For several years now there is a place in our home that has become a dumping ground of sorts. The place where the junk mail gets tossed, the newspaper gets unfolded, the craft projects sit in limbo, where school papers wait for parental examination, and bills get stacked. This place also happens to be our dining room table. Now before you judge me and assume we eat out for every meal or that we eat facing the television instead of each other, in my defense… we have a 10 foot long table and only 3-4 people who eat together at any normal meal. The table was custom made for me by my dad to fill my dining room space and to accommodate my past occupation. The table is handcrafted from the recycled hardwood floors when we renovated our home and easily seated the 10 children in my home daycare.

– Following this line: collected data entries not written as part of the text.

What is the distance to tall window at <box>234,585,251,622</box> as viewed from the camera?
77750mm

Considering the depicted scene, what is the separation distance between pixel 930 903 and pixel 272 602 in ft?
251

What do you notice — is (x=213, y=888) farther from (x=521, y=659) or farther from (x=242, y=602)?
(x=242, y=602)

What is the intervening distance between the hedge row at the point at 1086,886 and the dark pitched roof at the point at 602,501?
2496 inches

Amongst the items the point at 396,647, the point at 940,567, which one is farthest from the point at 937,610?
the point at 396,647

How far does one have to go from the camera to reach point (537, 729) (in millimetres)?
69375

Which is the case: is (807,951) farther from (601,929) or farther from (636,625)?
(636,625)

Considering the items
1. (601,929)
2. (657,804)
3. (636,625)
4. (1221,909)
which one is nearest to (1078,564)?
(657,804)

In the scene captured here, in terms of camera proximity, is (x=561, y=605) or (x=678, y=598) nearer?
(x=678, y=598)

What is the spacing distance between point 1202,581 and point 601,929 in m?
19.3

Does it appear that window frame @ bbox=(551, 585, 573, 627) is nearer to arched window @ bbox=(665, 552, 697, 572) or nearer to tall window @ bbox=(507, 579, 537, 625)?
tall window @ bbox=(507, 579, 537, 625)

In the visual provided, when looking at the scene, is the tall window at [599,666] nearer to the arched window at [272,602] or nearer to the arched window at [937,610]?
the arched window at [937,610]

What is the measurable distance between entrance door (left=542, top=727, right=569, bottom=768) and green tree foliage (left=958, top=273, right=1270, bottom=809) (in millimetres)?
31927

The problem with this situation is I repeatedly “promised” my dear husband over the last 20 years that I would never have a cluttered table! Needless to say, the dear husband has taken great delight in reminding me of my failed promise whenever the clutter begins to grow past the ends of the table and take over our favorite eating spots! In my childhood home, the kitchen table was an ever ready space for a planned meal, an afternoon snack, or a spontaneous game of cards. We never had to “clear the table” until after the meal was finished and I held that fact in high esteem and carried that goal with me as a young wife. However, since I began working at church and our daily eaters have turned from 10 to 4, the table has become a natural catch-all.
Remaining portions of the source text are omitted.